Word Count 499
The Curse of a Blessing
by G. Ackman
Darian had been blessed (or cursed as he believed) with this ability since his earliest memories. He had been a 5 year old who always knew where his shoes were and a teen who never lost his phone. Those were the positives about this. But they were far outweighed by the negatives. The mere touch of another’s hand and he knew – he knew all the silly ideas and fanciful crushes – and he knew all the nasty, hateful secrets that everyone keeps submerged beneath the surface of their own consciousness, those secrets we rarely even acknowledge to ourselves.
So Darian learned early on to avoid all human contact. He never shook hands or engaged in that overly effusive “man hug” back-slapping thing. He always wore gloves and long sleeves. But yesterday a chance encounter on a crowded el led him to this. He so rarely took public transportation because of the exponentially increased danger of touching someone, but a car whose repair bill exceeded his disposable income made the trip by el into downtown Chicago a necessity.
He boarded the Blue Line at Oak Park and just as he feared, it was already crowded and there were 17 more stops before Division Street, where his doctor was. At Grand Avenue, just 2 stops from his, he began to breathe a little easier. He had avoided touching anything recently touched by human hands, had not made eye contact with anyone, and had kept his gloved hands in his pockets. Then it happened. The tall man in a black leather jacket got on at Grand and sat right beside him. Darian pulled his arms in a little tighter towards his sides, but the crowded seats made that difficult. Just as he started to get up to head towards the door to exit at Division, the tall man reached for his briefcase and his hand grazed Darian’s jeans-clad leg. The briefest of touches, but that was all it took. Sometimes when emotions were especially strong, clothing was no barrier. This was one of those times.
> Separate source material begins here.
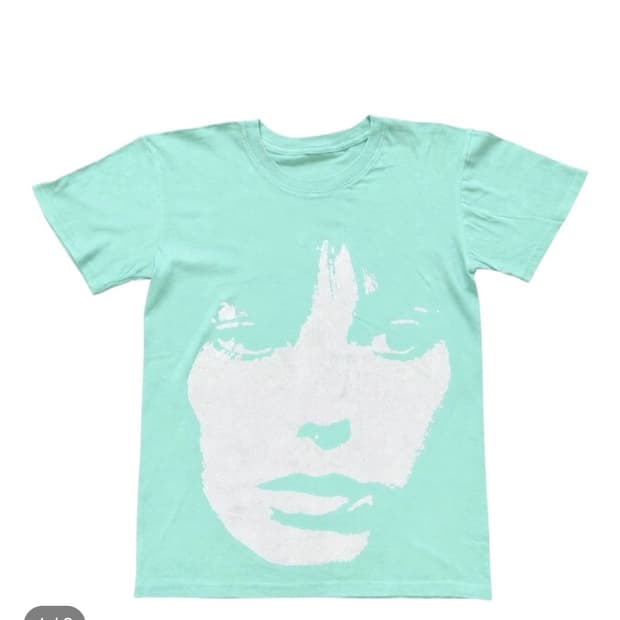 604SERVICE X POST PARTY MERCH T-SHIRT IN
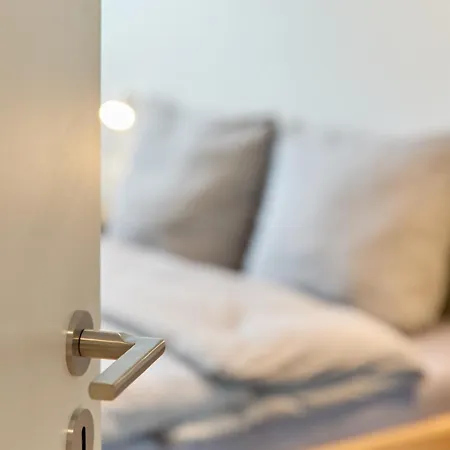 Apartman Burgblick Weinlaub *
Startled and overwhelmed by the array of violent images that pulsed through his brain, Darian stumbled out the doors and onto the platform, down the stairs, and stood at street level looking either drunk or crazy. He wasn’t either one, but he wished he were.
The man still sitting on the Blue Line train with its ultimate stop at O’Hare airport had a dirty bomb in his briefcase and intended to set it off in the crowded terminal. Darian didn’t get a look at the man’s face, knew nothing about him except his malicious intentions, could not make himself be believed if he were to report it.
Doctor’s visit forgotten, Darian began walking north out of the city. Could he get far enough fast enough? He found he didn’t really care. Thousands of people were about to die and he was powerless to do anything to stop it. This“blessing” of his had now landed him in absolute hell.